<<<<

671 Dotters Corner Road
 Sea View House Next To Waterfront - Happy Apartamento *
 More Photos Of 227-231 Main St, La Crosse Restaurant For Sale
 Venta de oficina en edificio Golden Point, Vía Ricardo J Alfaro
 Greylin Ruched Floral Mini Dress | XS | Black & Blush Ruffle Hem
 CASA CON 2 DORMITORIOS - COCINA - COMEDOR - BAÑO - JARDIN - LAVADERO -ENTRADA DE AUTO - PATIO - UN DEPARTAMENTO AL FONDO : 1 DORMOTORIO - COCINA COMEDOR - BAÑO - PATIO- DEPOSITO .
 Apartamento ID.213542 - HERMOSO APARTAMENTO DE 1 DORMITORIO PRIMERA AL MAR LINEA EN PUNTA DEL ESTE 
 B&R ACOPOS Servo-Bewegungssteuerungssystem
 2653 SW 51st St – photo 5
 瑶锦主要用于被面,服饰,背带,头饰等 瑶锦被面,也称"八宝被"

>>>>

** Your objective **
Would you please transcribe all of the entries above exactly?

** Response area **
671 Dotters Corner Road
 Sea View House Next To Waterfront - Happy Apartamento *
 More Photos Of 227-231 Main St, La Crosse Restaurant For Sale
 Venta de oficina en edificio Golden Point, Vía Ricardo J Alfaro
 Greylin Ruched Floral Mini Dress | XS | Black & Blush Ruffle Hem
 CASA CON 2 DORMITORIOS - COCINA - COMEDOR - BAÑO - JARDIN - LAVADERO -ENTRADA DE AUTO - PATIO - UN DEPARTAMENTO AL FONDO : 1 DORMOTORIO - COCINA COMEDOR - BAÑO - PATIO- DEPOSITO .
 Apartamento ID.213542 - HERMOSO APARTAMENTO DE 1 DORMITORIO PRIMERA AL MAR LINEA EN PUNTA DEL ESTE 
 B&R ACOPOS Servo-Bewegungssteuerungssystem
 2653 SW 51st St – photo 5
 瑶锦主要用于被面,服饰,背带,头饰等 瑶锦被面,也称"八宝被"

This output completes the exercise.